To the Marjane, the Public Bath and more!

As we tackle a new language in a completely foreign culture, it is a welcome escape to enjoy some comic relief. Sunday was one such day. Sunday was field trip day. You may ask yourself, “Self… do these youngsters have any day off at all?” The answer is a big, fat, resounding NO!!! The field trip, however, provided a great cultural experience and was really fun. So, although it may not have been a day off per se, it did provide a much needed break from classes. And besides, we have been waiting to do some foreign store exploring after all!!!
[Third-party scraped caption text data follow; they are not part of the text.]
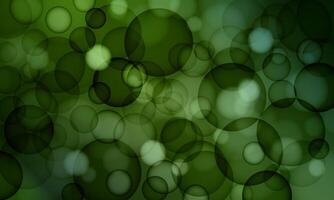 Abstract dark green background moving particles in blur bokeh circle bubbles. soft green motion. vector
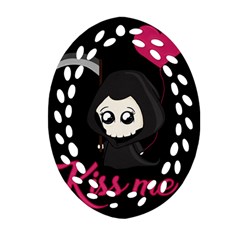 Cute Grim Reaper Ornament (oval Filigree) by Valentinaart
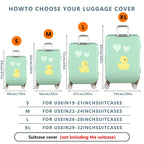 1-Piece Cute Duck Heart Mint Green Decorative Fun Unique Playful  Suitcase Luggage Cover, Stretch Protective Sleeve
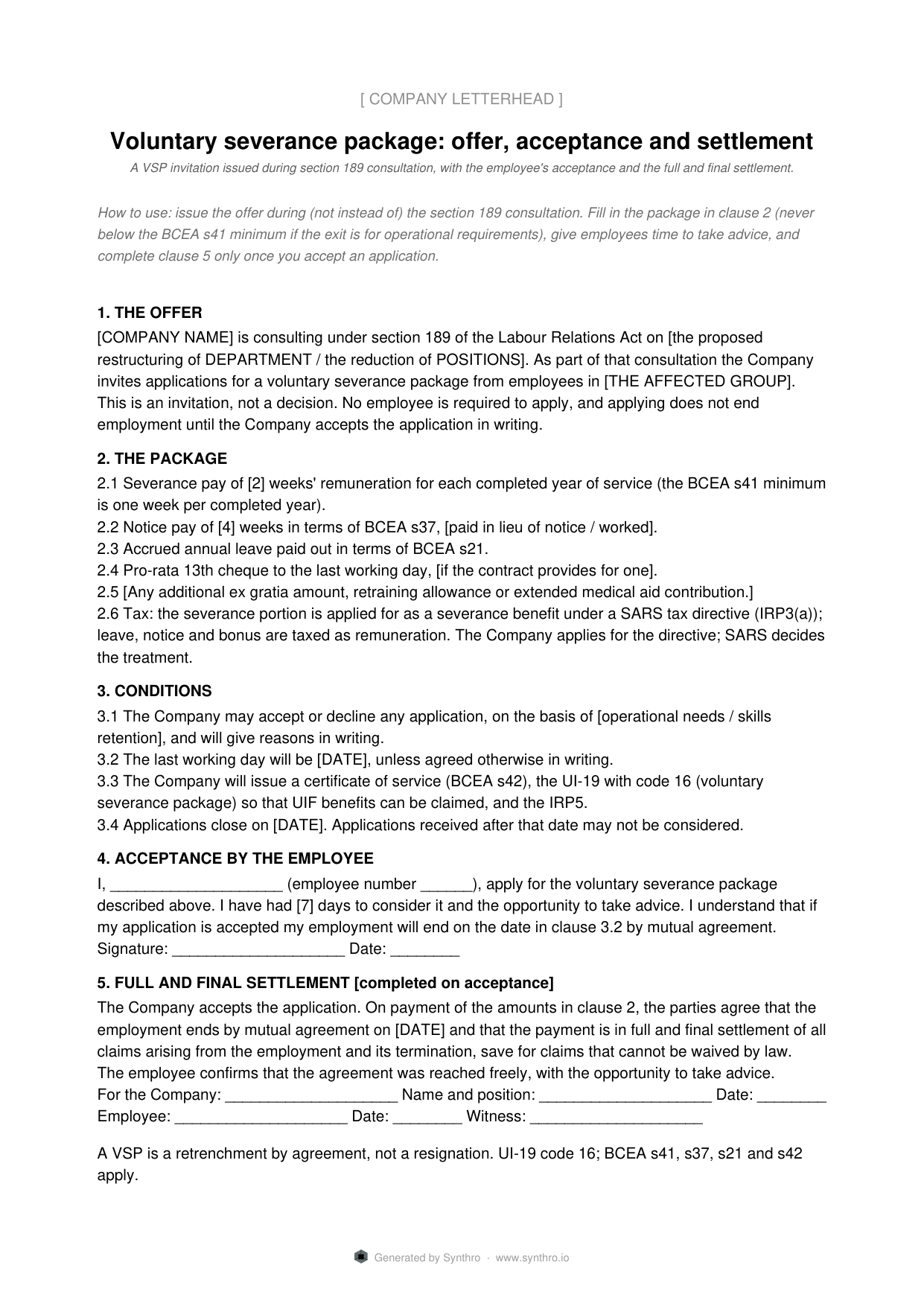 Page one of the vsp offer letter template template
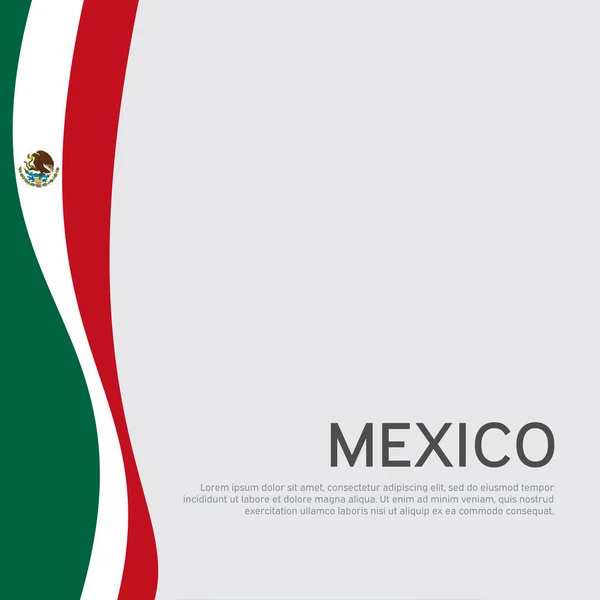 Abstraktes Schwenken Der Mexikanischen Flagge Kreativer Hintergrund Mexikanischen Flaggenfarben Für — Stockvektor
Our excursion began with a nice stroll to the local bus station, which is conveniently located at the end of our street. When we arrived, there were about 12 locals of various ages, shapes and sizes. When the bus came, the “mirican”s started to automatically form a nice and orderly line so as to board in a proper turn and fashion… LA!!!! (“la” means no in Darija) As soon as the bus doors opened, it was as if someone lit a fire under the people behind us!!! Our orderly line was dashed to pieces and “mirican”s were sent flying in all directions as the lovely little old ladies elbowed and shoved their way onto the bus ahead of all the stunned visitors! Your authors being among those left in the wake!!! Clay actually took an elbow shot in the ribs from what appeared to be an 85 year old lady! There is no need to say, “No, please go ahead.” Chivalry is not paramount here. So after a quick check of Clay’s now bruised ribs, we made it on board the bus. Now, based upon the behavior of the patrons trying to board this particular bus, you may think that there was a shortage of seats. However, the truth of the matter was, that there were seats for everyone to actually sit and there was no need to push, shove or otherwise injure Clay. Once again, we learn by doing and this was certainly a trial by fire. The money-taker sits in the front row and gives you a ticket after you pay. If you pay with a large bill, you will receive a disgusting look from the money-man as he will have to actually count change and that is just taxing! The price of our bus ticket to the Marjone was about 50 cents US per person. Our ride did not include many stops and the trip was a pleasant 20 minutes or so. However, we could have stayed aboard the bus and gone to Fes for the same price.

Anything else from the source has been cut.